Un corridor ferroviaire continental
Le Corridor de Lobito relie le port angolais de Lobito — sur la côte atlantique — aux provinces minières du Katanga, en RDC. Le tronçon RDC (450 km) traverse Kolwezi, Tenke et Lubumbashi jusqu'à la frontière zambienne. Le projet total, incluant le segment angolais (1 300 km déjà réhabilité), représente un des plus grands investissements en infrastructures ferroviaires d'Afrique de la décennie.
L'Africa Finance Corporation (AFC) a bouclé en juillet 2026 un financement de 753 millions de dollars pour la section angolaise. La US International Development Finance Corporation (DFC) s'est engagée jusqu'à 553 millions de dollars pour la portion RDC, avec l'appui supplémentaire de la Banque mondiale (500 millions), de la Banque africaine de développement, et de l'Union européenne via Global Gateway (116 millions d'euros).

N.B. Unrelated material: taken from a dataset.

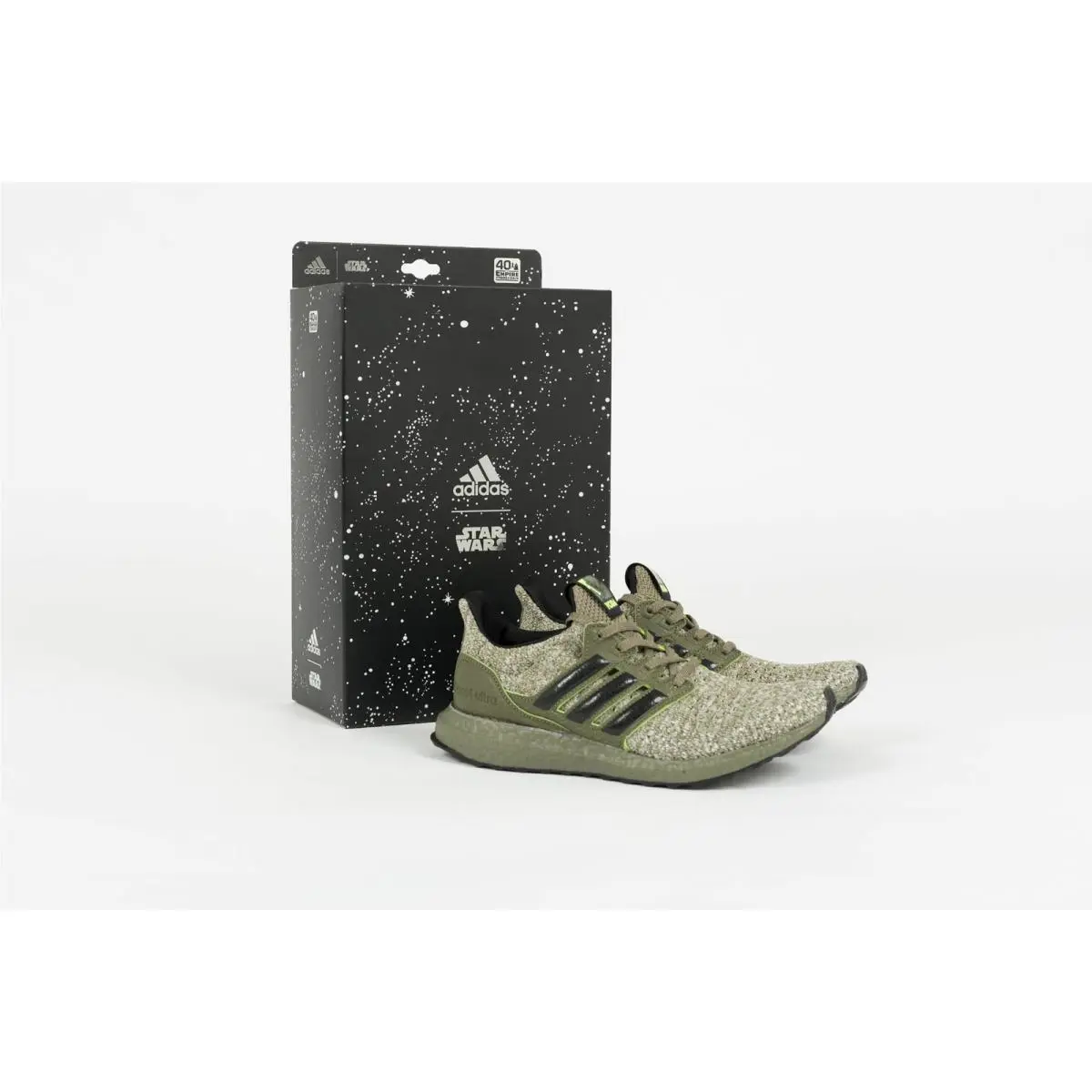 Adidas shoes - Adidas Ultraboost Ultra Boost DNA X Star Wars Yoda - FY3496 - Green 4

-30 % sur les coûts logistiques : la donnée qui change tout
Aujourd'hui, les minéraux congolais empruntent majoritairement la route du sud vers le port de Durban (Afrique du Sud) — un trajet de 25 jours. Via Lobito, le transit tomberait à 7 jours jusqu'à l'Atlantique, soit une réduction estimée de 30 % des coûts logistiques selon les projections du projet. Un avantage compétitif décisif pour les mines de cuivre, cobalt, zinc et lithium du Katanga.
La RDC est le premier producteur mondial de cobalt — le matériau clé des batteries de véhicules électriques — et le deuxième producteur de cuivre après le Chili. Le plan de montée en charge prévoit de faire passer le trafic de 12 à 20 trains hebdomadaires d'ici 2027.
Un partenariat sur mesure avec Mota-Engil
Mota-Engil, groupe de BTP portugais, s'impose comme le contractant EPC (Engineering, Procurement, Construction) principal pour la réhabilitation du tronçon RDC. Il travaillera en co-investissement avec le groupe Trafigura (négoce de matières premières) et Vecturis SA (spécialiste belge de la gestion ferroviaire). La SNCC, compagnie nationale des chemins de fer du Congo, reste l'opérateur public partenaire.
Le Cabinet congolais a validé la concession le 10 juillet 2026. Les travaux de grande envergure sont attendus au T4 2026. Le tronçon avait été interrompu en avril 2026 par des inondations ; le trafic fret a repris depuis.
Pourquoi c'est important
Le Corridor de Lobito positionne l'Afrique centrale et la RDC au cœur des chaînes d'approvisionnement mondiales de la transition énergétique. Pour les pays de l'Océan Indien — qui commercent avec la RDC et dépendent des minerais africains — c'est une recomposition majeure des flux commerciaux transcontinentaux à surveiller de près.